Today marks the 150th anniversary of the Battle of Antietam, the bloodiest day of the Civil War and one of the most important military operations of the conflict. The battle forced Confederate Gen. Robert E. Lee to retreat back to Southern soil, giving a timely boost to Northern morale and emboldening President Abraham Lincoln to issue the preliminary Emancipation Proclamation announcing his decision to free the slaves in areas of rebellion.
The Battle of Antietam stamp features a reproduction of an 1887 painting by Thure de Thulstrup. The painting was one of a series of popular prints commissioned in the 1880s by Boston publisher Louis Prang & Co. to commemorate the Civil War.

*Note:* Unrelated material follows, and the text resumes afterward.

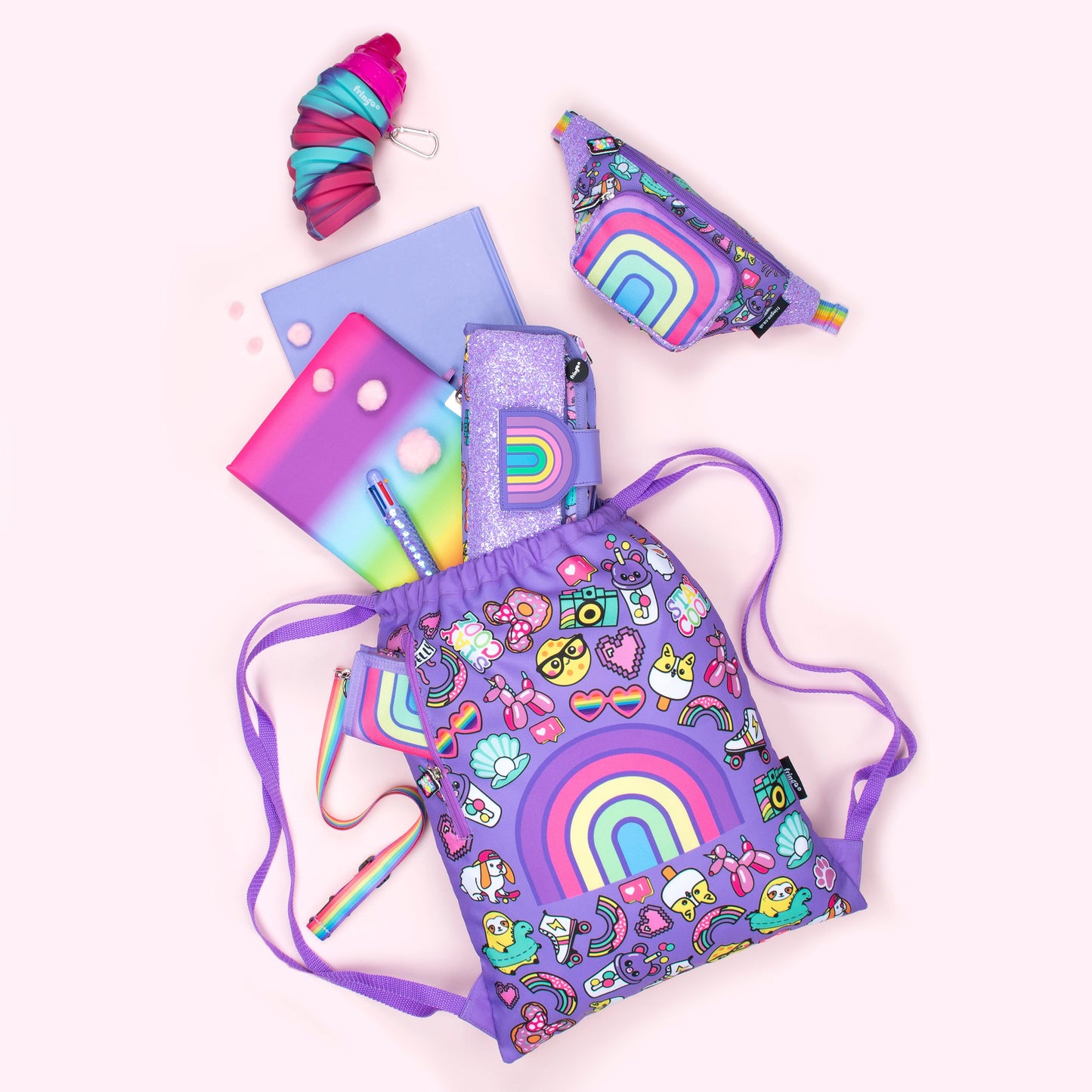 Sac à cordon avec bandoulière – arc-en-ciel Smile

During the summer of 1862, Confederate forces rebounded from a series of setbacks that had them teetering on the edge of defeat earlier in the year. The South’s victory in Northern Virginia at Second Bull Run, in late August, especially reversed the tide of the war. Whereas earlier Union Gen. George B. McClellan and his Army of the Potomac seemed poised to strike at the Confederacy’s capital at Richmond, Virginia, now Confederate Gen. Robert E. Lee and his Army of Northern Virginia were on the offensive.

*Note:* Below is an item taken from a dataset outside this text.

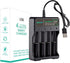 ABUNRO 4-Slot 18650 Battery Charger, Universal 4 Bay Charger for 18650 14500 18500 16350 Li-ion Rechargeable Batteries (No Battery)...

In early September, Lee decided to build on the momentum of Second Bull Run by invading the North. A victory in Maryland, where he hoped to rally southern sympathizers to his side, might finally convince Britain and France to recognize the Confederate States of America.
To prevent such a calamity, President Abraham Lincoln ordered McClellan to pursue Lee after his army crossed the Potomac River into Maryland. Lincoln saw an opportunity to take advantage of Lee’s vulnerability as his army moved away from its home base. With superior numbers and the good fortune of obtaining a copy of Lee’s strategic plans, McClellan had advantages that gave Lee pause. But Lee was reluctant to retreat, and—bolstered by news that Confederate General Thomas “Stonewall” Jackson had captured Harpers Ferry—decided to confront McClellan and concentrate his forces along the banks of Antietam Creek, near Sharpsburg, Maryland. It was this fateful decision that led to the bloodiest day of the Civil War, on September 17, 1862.
The Battle of Antietam began at dawn, with Union troops outnumbering the Confederates by two to one. The ever-cautious McClellan believed, however, that his forces were outnumbered, so he kept a large number of troops in reserve. He attacked Lee’s forces piecemeal rather than all at once, allowing Lee to shift troops around to meet the different threats. Union soldiers were attacking the right flank of Lee’s army late in the afternoon when Confederate reinforcements arrived from Harpers Ferry and mounted a counterattack. With more than a quarter of his troops killed or wounded in the battle, Lee withdrew from the field and retreated to Virginia during the night of September 18.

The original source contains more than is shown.